More than tragedy king
To call Dilip a “tragedy king” would be extremely unfair to his colossal talent. Whether it is Kohinoor or Leader, he plays the role of a lover who has to unleash multiple pranks to win his lady-love, with such effortless ease that the acting seems like child’s play. But several of his co-actors, such as Vyjayantimala (his Dhanno in Ganga Jumna) and Nimmi, have described how hard Dilip always worked to get under the skin of the character he was portraying. The former recalled that in Naya Daur , before the famous truck- tonga race, Dilip was missing from the sets because he was riding a tonga around the studio! As she recounted this, I was humming Mohammed Rafi’s immortal “ Udey jab jab zulfein teri, kawariyo ka dil machhley”!
And then there were more unforgettable Dilip songs… Do sitaro ka zami par hei milan (Kohinoor) , Mukesh’s melting melody Suhana safar aur yeh mausam hasin and Tootey huey khwabon nei ( Madhumati ); Tu kahey agar jeevanbhar ( Andaaz ), Milte hi aankhein dil hua deewana kisi ka ( Milan ) and Maan mera ehsan, arey nadan ( Aan ).
In later years, as I read and watched his interviews, the full impact of the cerebral side of Dilip Kumar hit me. By the way, Youtube has some great footage on Dilip’s interviews, particularly one rendered in chaste and flawless Urdu — of which I have limited understanding I must admit — in Peshawar, his birthplace.
A cerebral star
Apart from sparkling intellect, what comes through is the humility of the man who ruled the silver screen for such long years as an unmatched giant. To one question about his “great acting skills” he said with his typical disarming smile that just melts the heart: “There is nothing like great actors or great acting; there is only good actors and good acting.” Ascribing his success to “good luck, perhaps, and a lot of hard work”, he said good performance came from “a good story, some solid substance to deal with, not mere shadows.” Add to this “voice control in dialogue delivery” and good presentation techniques, and “swallow the whole thing like a capsule or a pill and you have a good actor.”
If you consider that in those days there was no reference point for Hindi film stars to draw upon, then Dilip’s contribution to Indian cinema remains unparalleled. In the last few decades we’ve had so many Bollywood stars drawing from Dilip Kumar — a gesture here, a smile there, a flick of the hair lock — that you realise with a greater force how much of an original the man, who once ran an army canteen, was. And what debt generations of Indian cinema actors and moviegoers fans owe him.
What superstar, asks Dilip!
In that sense wasn’t he the original superstar, I ask him in an email interview. (Details on page 16).
The reply is vintage Yousuf saab! “I have not believed in stardom, much less the superstardom you are talking about. Yes, following the success of my films, the number of curious men and women, boys and girls waiting outside my bungalow kept increasing. Is that an indication that you are a star? Wherever I went I was besieged by people who wanted my signature on paper, photographs, and so on. Is that stardom?”

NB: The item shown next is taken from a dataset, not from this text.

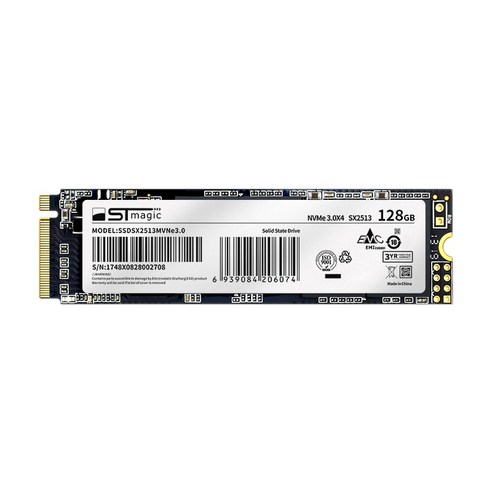 Xzante STMAGIC SX2513 PCIe SSD 노트북 컴퓨터 범용 M.2 고속 솔리드 스테이트 하드 드라이브 NVMe 프로토콜 128G, 검은 색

Dilip Kumar has been hailed for his being a “gentleman”. Prem Chopra has recalled how Dilip helped him improve his dialogue delivery, but only through “gentle suggestions.”
So how does he himself look at his six decades in Indian cinema? The awe, respect and admiration with which generations of actors and moviegoers look upon him?
“I look back at my career with a sense of gratitude and a feeling of surprise and wonder. I cannot help being intrigued that a little boy who sat listening to stories of valour with deep attention at the Kissa Kahani Bazaar in Peshawar has his own interesting story to tell now,” is his response.
On his 90th, let us wish him a continuing suhana safar.